Wednesday, 25 November 2015

MPM2D - Day 53: Common Factoring

Students arrived to find this on their desks.



A version of this has been floating around Twitter lately and I thought it would be a good way to get them thinking about common factoring and would lead us to finding the greatest common factor. Here are some of what they came up with for parts (h), (e) and (g) (ignore the simplification of x^5 over x^2 in the middle!). I asked them why my version was "better" (I showed them all my questions which are also at the top of each column, below). Someone said that what was left was in lowest terms. Loved that!



So then we moved into the lesson itself.



I emphasized the why, giving examples of quadratics in factored and standard forms and asking which was more helpful for graphing.

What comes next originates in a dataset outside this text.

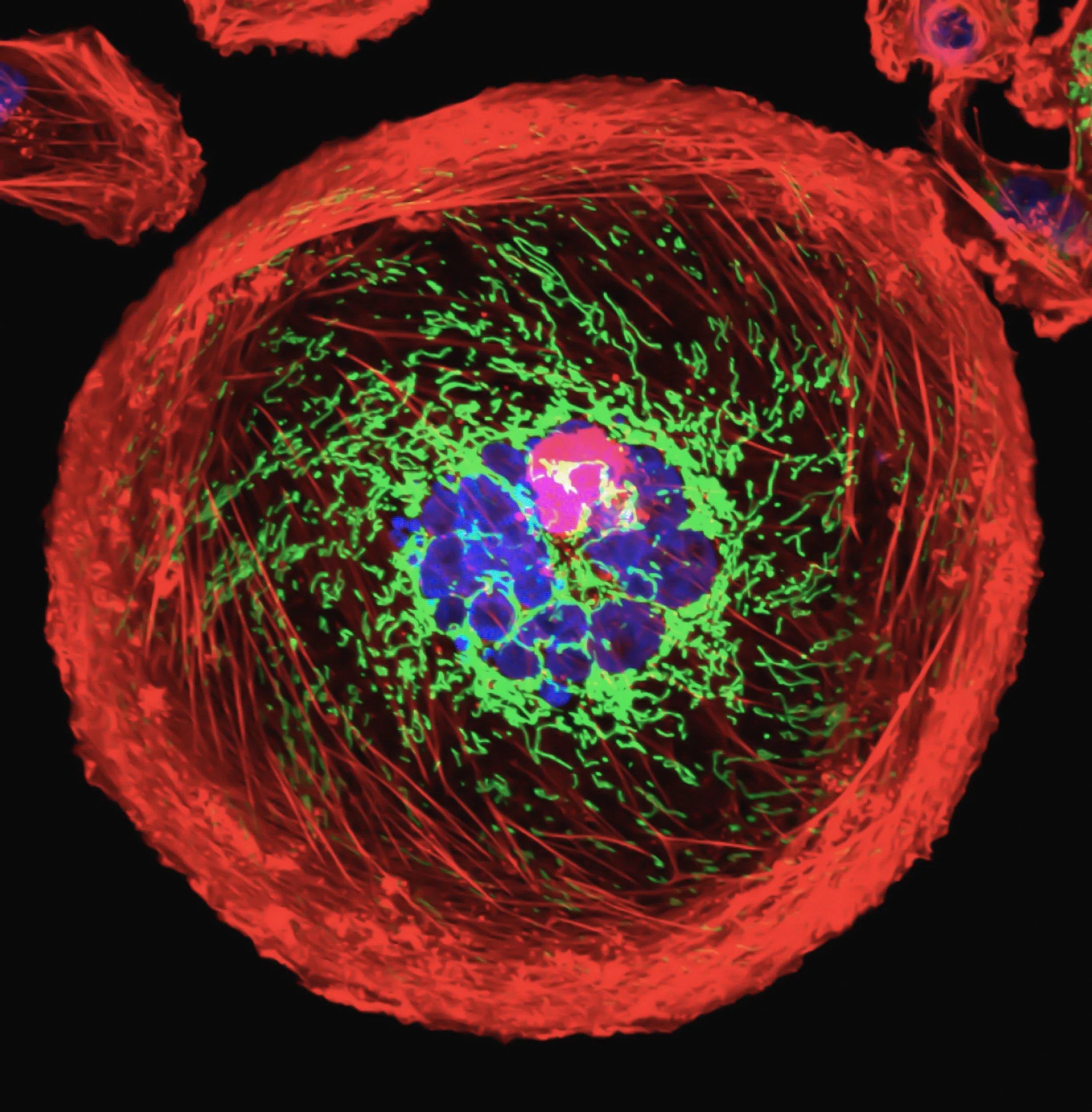 Unveiling the World's Largest Breast Tissue Map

I tied factoring to area and showed an example with algebra tiles.

I break up the skills, to make sure that students can do each part correctly. Many don't remember the exponent rules well (hence the example on the picture of the whiteboard above). The answers below may look messy, but are all correct. We haven't worked with negative exponents, so that was fairly new to most.



Next, we looked at finding the greatest common factor.

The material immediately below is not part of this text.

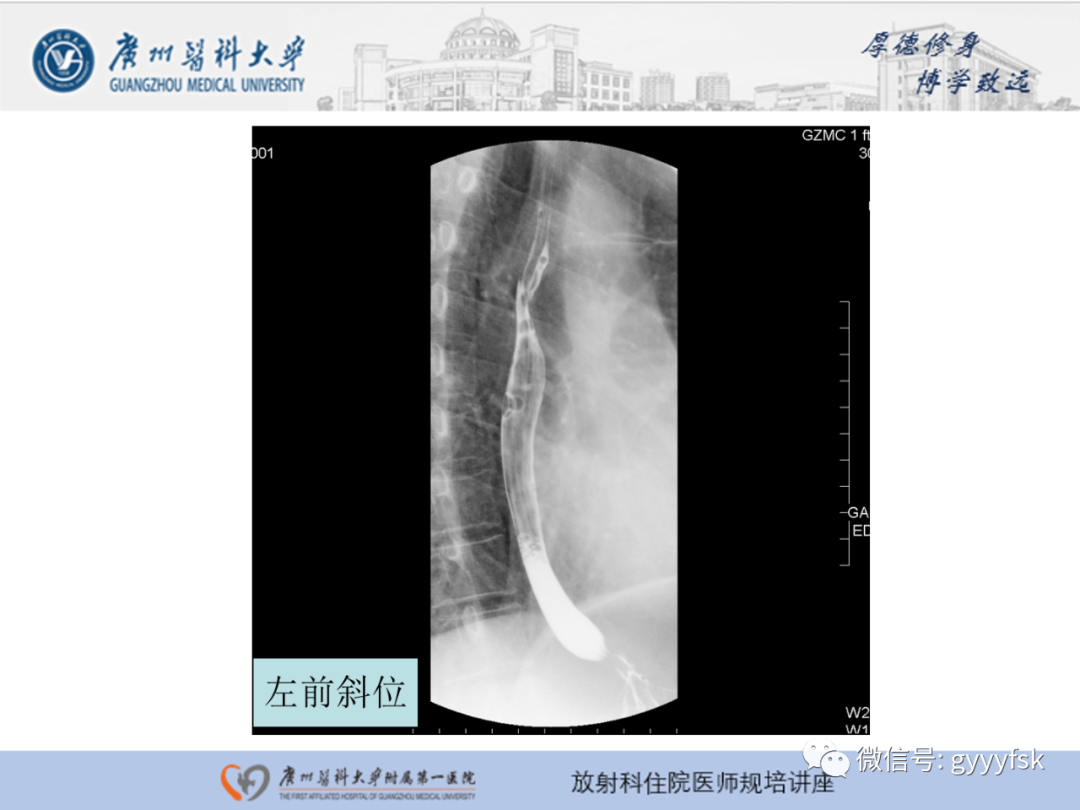 影像PPT - 【PPT】胃肠道造影检查-31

I randomly drew names to get six students up writing answers and 5 of the 6 answers were incorrect. I told them that and asked them to talk in their groups to see if they could figure out what was wrong. They had only written the GCF (in one case not even the greatest) of the coefficients. Not one student had a variable in the GCF. I found this really interesting as there was no connection made to today's initial activity. Once they figured out that we needed some variables in the mix, corrections were made pretty quickly.

Having both pieces in place, we now moved on to actually factoring.




We did the first few examples explicitly showing the process then continued and only explained the calculations that were being done in our heads instead of writing them all out. At this point I saw one of my student acting like her brain was exploding so I went to ask what was up and she said that it was miraculous because she understood it all!